Restate the listing below line for line and word for word, without the pictures.

● DATA:
----

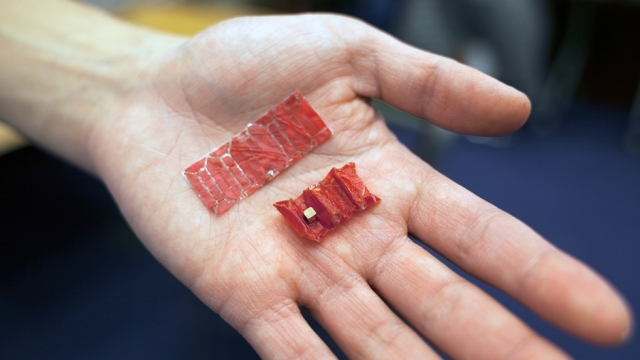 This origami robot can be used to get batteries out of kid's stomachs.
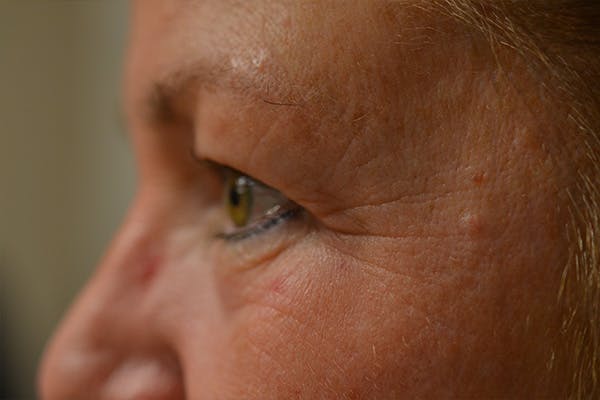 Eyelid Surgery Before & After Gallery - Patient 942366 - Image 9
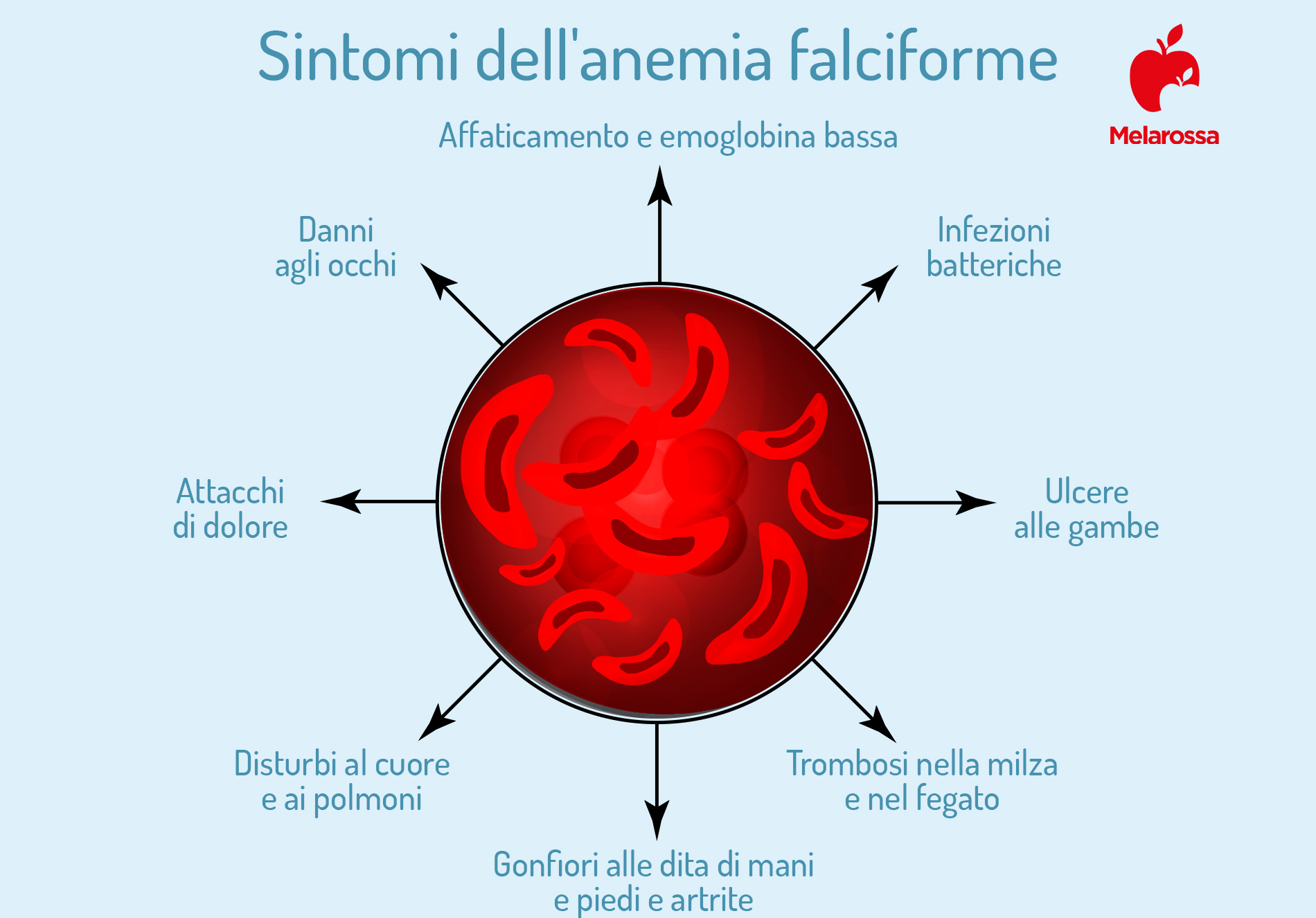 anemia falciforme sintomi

----

● TASK SOLUTION:
 This origami robot can be used to get batteries out of kid's stomachs.
 Eyelid Surgery Before & After Gallery - Patient 942366 - Image 9
 anemia falciforme sintomi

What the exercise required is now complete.